Maybe you have stumbled upon this blog not as a potential match.
Please wait a short moment before zapping.

Do you know anybody, who could be my mindmate?
Your neighbour, brother, uncle, cousin, colleague, friend?
If so, please tell him to look at this blog.
While you have no reason to do this for me,
a stranger, maybe you can make someone happy, for whom you care.

Do you have your own webpage or blog,
which someone like my mindmate to be found probably reads?
If so, please mention my quest and add a link to this blog.

Thursday, October 4, 2012

606. Discovering And Developing Preferences

606.   Discovering And Developing Preferences

I just read this, but I disagree with the interpretations.

"You're in a store, trying to choose between similar shirts, one blue and one green. You don't feel strongly about one over the other, but eventually you decide to buy the green one. You leave the store and a market researcher asks you about your purchase and which shirt you prefer. Chances are that you'd say you prefer the green one, the shirt you actually chose. As it turns out, this choice-induced preference isn't limited to shirts. Whether we're choosing between presidential candidates or household objects, research shows that we come to place more value on the options we chose and less value on the options we rejected.

One way of explaining this effect is through the idea of cognitive dissonance. Making a selection between two options that we feel pretty much the same about creates a sense of dissonance -- after all, how can we choose if we don't really prefer one option over the other? Re-evaluating the options after we've made our choice may be a way of resolving this dissonance."

"They were then presented with pairs of similar vacation destinations and asked to choose which destination they would prefer. "

"The results suggest that the act of choosing between two similar options can lead to enduring changes in preference.

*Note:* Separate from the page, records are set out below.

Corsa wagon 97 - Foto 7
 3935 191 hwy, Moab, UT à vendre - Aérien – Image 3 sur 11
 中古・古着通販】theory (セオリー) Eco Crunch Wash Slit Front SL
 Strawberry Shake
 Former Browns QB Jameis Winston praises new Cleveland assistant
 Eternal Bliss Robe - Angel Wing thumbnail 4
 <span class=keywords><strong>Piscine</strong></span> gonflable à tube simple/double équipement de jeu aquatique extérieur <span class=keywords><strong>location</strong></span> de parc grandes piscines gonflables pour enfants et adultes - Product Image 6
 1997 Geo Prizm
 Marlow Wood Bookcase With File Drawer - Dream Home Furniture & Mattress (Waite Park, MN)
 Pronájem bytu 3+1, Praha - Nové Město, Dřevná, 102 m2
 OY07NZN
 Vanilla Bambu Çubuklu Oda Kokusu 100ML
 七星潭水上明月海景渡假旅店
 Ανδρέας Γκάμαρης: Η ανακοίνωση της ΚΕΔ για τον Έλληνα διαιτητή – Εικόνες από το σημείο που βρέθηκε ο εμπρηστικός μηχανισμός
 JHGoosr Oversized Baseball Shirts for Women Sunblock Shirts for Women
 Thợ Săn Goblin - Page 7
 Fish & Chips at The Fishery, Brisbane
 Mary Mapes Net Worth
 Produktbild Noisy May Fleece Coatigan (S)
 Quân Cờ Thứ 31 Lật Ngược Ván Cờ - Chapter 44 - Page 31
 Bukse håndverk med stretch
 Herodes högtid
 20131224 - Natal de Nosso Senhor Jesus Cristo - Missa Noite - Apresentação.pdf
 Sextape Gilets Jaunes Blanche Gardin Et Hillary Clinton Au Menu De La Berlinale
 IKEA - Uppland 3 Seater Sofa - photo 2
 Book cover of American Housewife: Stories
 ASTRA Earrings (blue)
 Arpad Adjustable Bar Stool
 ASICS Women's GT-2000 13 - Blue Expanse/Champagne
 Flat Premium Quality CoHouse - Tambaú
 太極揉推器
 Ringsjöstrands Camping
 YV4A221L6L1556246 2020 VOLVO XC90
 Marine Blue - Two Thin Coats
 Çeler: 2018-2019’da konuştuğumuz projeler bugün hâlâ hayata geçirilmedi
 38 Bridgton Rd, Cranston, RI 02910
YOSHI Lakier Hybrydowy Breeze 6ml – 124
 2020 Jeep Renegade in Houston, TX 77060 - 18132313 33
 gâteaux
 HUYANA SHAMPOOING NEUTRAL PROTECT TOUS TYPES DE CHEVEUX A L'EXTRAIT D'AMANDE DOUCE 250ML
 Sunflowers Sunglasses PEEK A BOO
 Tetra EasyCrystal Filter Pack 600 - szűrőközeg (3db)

Participants rated vacation destinations as more desirable both immediately after choosing them and again three years later. "

"Sharot and her colleagues argue that fact that this effect is robust and enduring has implications for a diverse array of fields, including economics, marketing, and even interpersonal relationships. As Sharot points out, for example, repeatedly endorsing a particular political party may entrench this preference for a long period of time."

The quoted article concerns preferences expressed by a decision.   The preference for one color of a shirt over another is the decision what to buy and does not automatically represent a possible preference for one of the colors by itself.  

I doubt that a more or less haphazard choice leads to changing a preference.   The choice of a green shirt does not suffice for a change towards experiencing green as the favorite color. Making a choice is a decision process leading to discover or to develop a preference.   This process includes getting aware and considering the pros and contras of all options from either the memory or by obtaining additional external information.     The result of making a rational choice by this process is then remembered.    It is not a changed preference, but one either newly acquired or a previously existing one rationally reinforced or enhanced. 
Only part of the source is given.